The purist single-point recording side of Ambisonics can be thought of as using an overblown middle-and-side microphone technique (for more on this subject, check out the article in SOS February 1997). However, the cleverness of Ambisonics really manifests itself in the decoding — converting the microphone's output signals into a form suitable to drive a number of loudspeakers. It is the complexity (and therefore the cost) of decoding which played a large part in the failure of Ambisonics to gain a hold in domestic hi-fi equipment. Very few companies have manufactured decoders for the system, whether professional or domestic, over the last 30 years, although with the increasing prevalence of digital signal processing in consumer equipment, Ambisonic decoding options are beginning to become more apparent, for example in high-end hi-fi systems from the likes of Meridian Audio and Bryston.
The Ambisonic concept is based on the idea of capturing the sound impinging on a single point in space from any and every direction. This is, of course, completely impossible — a multi-directional microphone cannot be made that small. However, if incident sound can be measured across the surface of a sphere, it is a mathematical exercise to calculate what would be detected at an infinitely small point at the centre of that sphere. In practical terms, the incident sound can be measured by a combination of microphone capsules mounted in coincidence — or as near coincidence as is physically possible.
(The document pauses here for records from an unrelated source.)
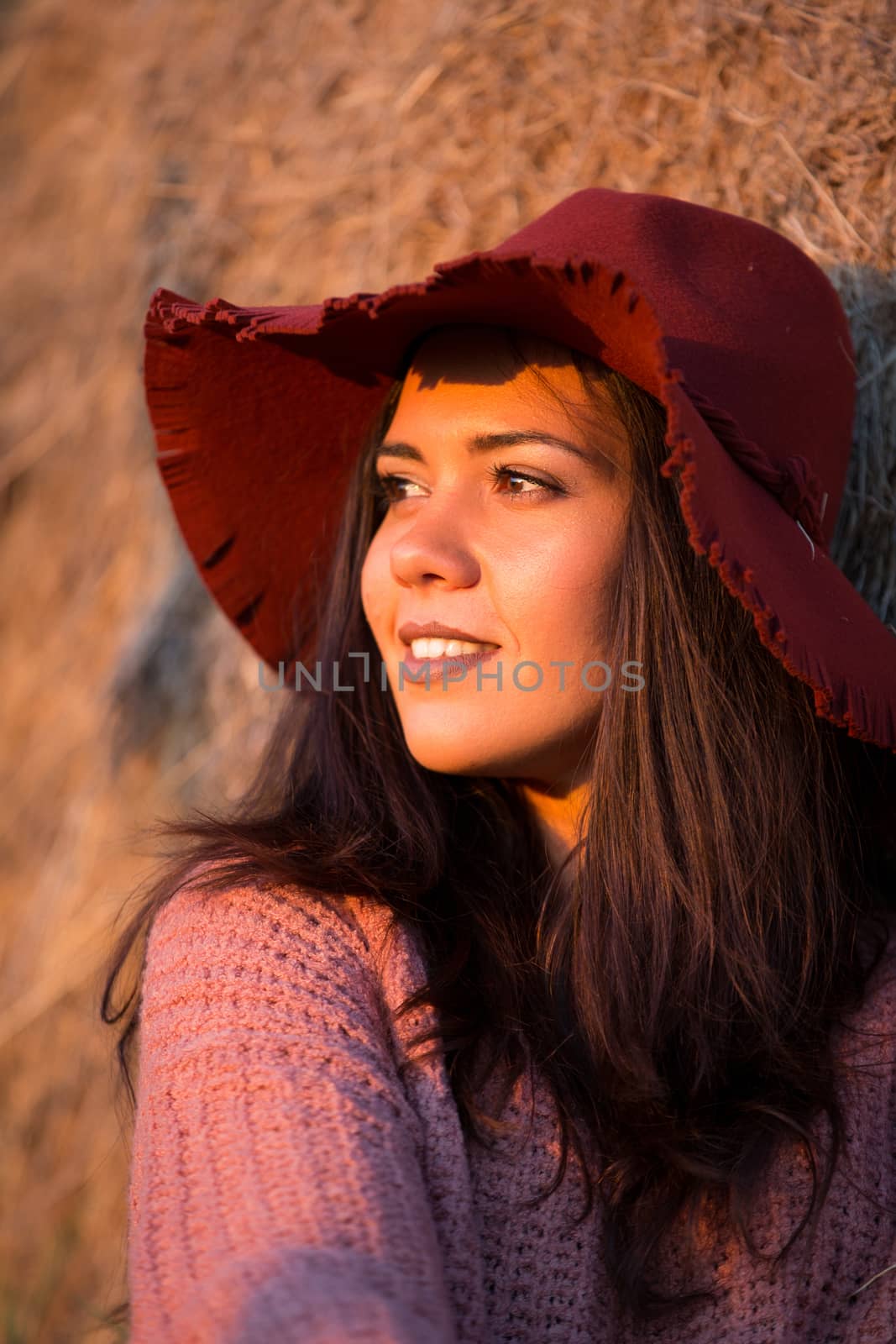 Beautiful young brunette wearing a stylish hat at sunset in a vineyard with straw bale behind her.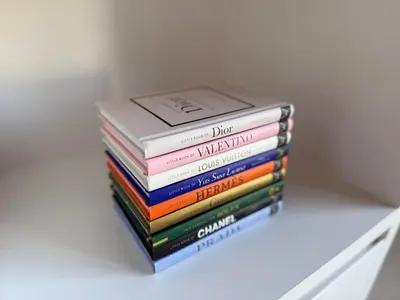 a stack of books sitting on a shelf at Stylish Penthouse in BXL with 2 Panoramic Terraces in Brussels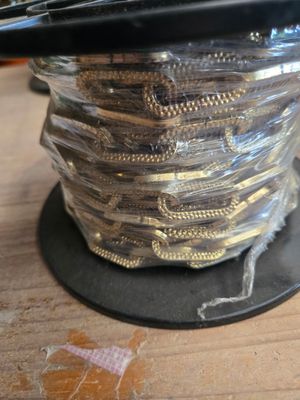un gros plan d'une bobine de fil posée sur une table en bois
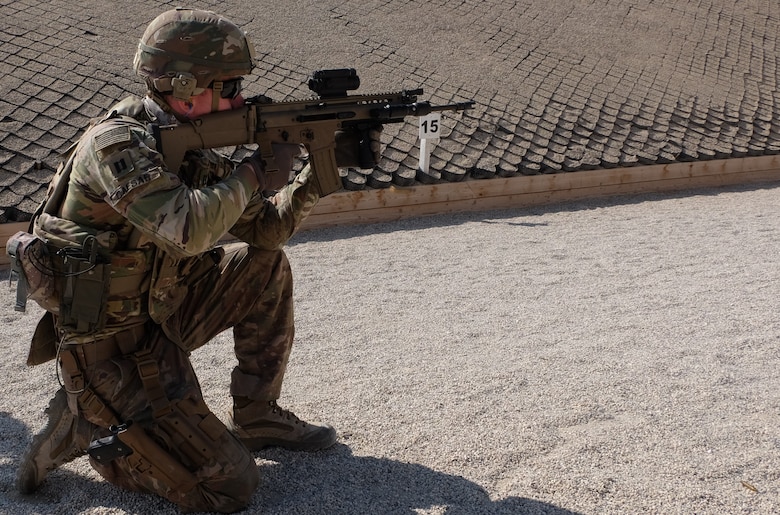 CPT Nick Caesar executes a reflexive firing lane with the SCAR-L Long Barrel Rifle system after a period of training given by the Belgian Coalition partners.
The principle of an Ambisonic microphone — whether a dedicated single-point mic like the Soundfield, or a combination of coincident conventional mics, such as the Nimbus-Halliday array — relies upon a combination of orthogonal bi-polar patterns with an omnidirectional, pressure sensitive capsule. The output of the omni capsule is referred to as the 'W' signal, and provides information about the overall amplitude of sound impinging on the microphone array. The bi-polar or figure-of-eight capsules provide the directional information — that is, their outputs can be used to determine the direction from which each element of sound arrives. One of these capsules points front-back (providing the 'X' signal), another left-right ('Y') and the third up-down ('Z'). These four signals convey everything there is to know about the amplitude and direction of acoustic signals arriving at the microphone (see diagram).
The four signals together are known as B‑format signals, and if recorded on four discrete tracks can provide a record of the original sound, captured with total three-dimensional accuracy. By replaying this B‑format material through a suitable decoder, a full 'periphonic' recreation of the Ambisonic sound stage is possible (ie. one that includes both horizontal and vertical imaging). Although the discrete-channel surround systems currently in vogue only provide horizontal imaging over four, five, six, seven, or eight channels (ie. in one plane only), Ambisonics has always been capable of true three-dimensional imaging — something which is only now being suggested for discrete-channel surround systems with the 10.2 system recently proposed by Tom Holman (more on this next month).
It is also possible to take B‑format signals to post-production and manipulate them to obtain the most aesthetic and appropriate result for a given format. Alternatively, the signals can be combined immediately after capture to allow storage on fewer tracks, albeit with correspondingly less flexibility in post-production — more on this in a moment.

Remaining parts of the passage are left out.